Ce propos, lourd de sous-entendus, touche à l’un des débats les plus sensibles de la politique congolaise post-Mobutu : la nationalité et les origines de Kabila. Dès son arrivée au pouvoir en 2001, une partie de la classe politique congolaise a mis en doute sa filiation avec Laurent-Désiré Kabila, assassiné cette même année. Des rumeurs persistantes, mais jamais prouvées, ont circulé sur une possible manipulation de succession orchestrée dans un contexte de guerre et d’ingérence étrangère.
Un climat politique tendu
Cette déclaration survient à un moment où la RDC est à nouveau en proie à une instabilité croissante dans l’Est, avec l’activisme du M23, groupe armé accusé d’être soutenu par le Rwanda. Le gouvernement de Félix Tshisekedi, au pouvoir depuis 2019, est sous pression pour répondre de manière plus ferme à l’agression rwandaise, tout en gérant les séquelles politiques de l’ère Kabila.

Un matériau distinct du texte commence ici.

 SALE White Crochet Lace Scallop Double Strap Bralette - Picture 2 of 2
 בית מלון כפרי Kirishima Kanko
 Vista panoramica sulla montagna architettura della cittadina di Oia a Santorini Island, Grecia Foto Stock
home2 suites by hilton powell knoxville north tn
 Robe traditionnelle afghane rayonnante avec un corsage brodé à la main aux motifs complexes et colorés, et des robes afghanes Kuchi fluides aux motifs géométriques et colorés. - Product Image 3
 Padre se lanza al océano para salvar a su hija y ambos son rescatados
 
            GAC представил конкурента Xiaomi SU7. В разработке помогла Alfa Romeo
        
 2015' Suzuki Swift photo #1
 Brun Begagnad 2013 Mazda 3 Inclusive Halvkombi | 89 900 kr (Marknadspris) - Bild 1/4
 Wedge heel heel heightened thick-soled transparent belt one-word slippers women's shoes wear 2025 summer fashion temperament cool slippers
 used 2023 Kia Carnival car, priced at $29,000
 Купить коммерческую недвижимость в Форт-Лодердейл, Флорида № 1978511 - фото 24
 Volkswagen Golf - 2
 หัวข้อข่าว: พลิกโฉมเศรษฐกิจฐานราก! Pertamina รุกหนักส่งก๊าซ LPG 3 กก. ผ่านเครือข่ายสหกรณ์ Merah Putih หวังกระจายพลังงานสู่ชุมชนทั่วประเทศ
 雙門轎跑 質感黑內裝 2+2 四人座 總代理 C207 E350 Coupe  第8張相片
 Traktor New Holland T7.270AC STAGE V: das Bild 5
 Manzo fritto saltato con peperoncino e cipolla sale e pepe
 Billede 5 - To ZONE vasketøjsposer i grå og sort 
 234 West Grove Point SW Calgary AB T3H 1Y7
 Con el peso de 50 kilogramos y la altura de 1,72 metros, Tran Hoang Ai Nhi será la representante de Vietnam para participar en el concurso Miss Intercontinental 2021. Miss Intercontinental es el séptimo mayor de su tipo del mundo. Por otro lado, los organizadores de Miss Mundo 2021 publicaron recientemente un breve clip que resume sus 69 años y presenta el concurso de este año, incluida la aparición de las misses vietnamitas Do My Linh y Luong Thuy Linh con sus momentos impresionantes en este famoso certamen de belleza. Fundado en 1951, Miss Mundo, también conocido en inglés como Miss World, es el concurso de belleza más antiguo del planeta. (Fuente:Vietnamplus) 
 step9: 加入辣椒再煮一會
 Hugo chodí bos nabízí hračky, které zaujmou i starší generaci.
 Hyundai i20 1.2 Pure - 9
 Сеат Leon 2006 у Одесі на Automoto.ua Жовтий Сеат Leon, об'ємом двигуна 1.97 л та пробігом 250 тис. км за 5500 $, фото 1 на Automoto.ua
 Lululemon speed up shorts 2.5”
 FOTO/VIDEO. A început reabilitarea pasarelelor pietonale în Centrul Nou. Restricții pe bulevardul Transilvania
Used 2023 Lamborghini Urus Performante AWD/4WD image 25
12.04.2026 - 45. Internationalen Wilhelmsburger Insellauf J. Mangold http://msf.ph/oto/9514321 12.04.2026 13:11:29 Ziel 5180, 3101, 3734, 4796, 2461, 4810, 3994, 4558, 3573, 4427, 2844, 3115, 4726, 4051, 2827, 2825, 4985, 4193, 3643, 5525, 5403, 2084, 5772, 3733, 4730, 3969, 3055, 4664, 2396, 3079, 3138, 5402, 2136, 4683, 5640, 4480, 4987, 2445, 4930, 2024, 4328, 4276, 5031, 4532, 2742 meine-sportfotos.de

L’appel à un test ADN, bien qu’extrême, reflète une frustration populaire face aux zones d’ombre de l’histoire politique congolaise récente. Pour beaucoup d’observateurs, cette suggestion est surtout une manière d’ouvrir un débat sur la transparence, la mémoire collective et les responsabilités du passé.
Silence du côté de Kabila
Jusqu’à présent, ni Joseph Kabila, retiré de la vie politique mais toujours influent via le Front Commun pour le Congo (FCC), ni ses proches collaborateurs n’ont réagi publiquement aux propos de Willy Mishiki. Toutefois, au sein de l’opinion publique, les réactions sont partagées : certains dénoncent un populisme politique à des fins électoralistes, tandis que d’autres saluent une tentative de « vérité historique » trop longtemps étouffée.
Analyse : Entre vérité et règlement de comptes
La sortie de Willy Mishiki s’inscrit dans une longue tradition congolaise où la vérité historique se mêle à la guerre des récits. Si ses propos manquent encore de preuves tangibles, ils viennent appuyer une exigence croissante de redevabilité des anciens régimes, dans un pays marqué par l’impunité, la manipulation de l’information, et les influences étrangères.
À l’heure où la RDC se cherche une nouvelle stabilité institutionnelle et une souveraineté régionale renforcée, cette affaire pourrait bien rallumer les braises du passé ou contraindre les élites à enfin répondre à des questions que beaucoup évitent depuis deux décennies.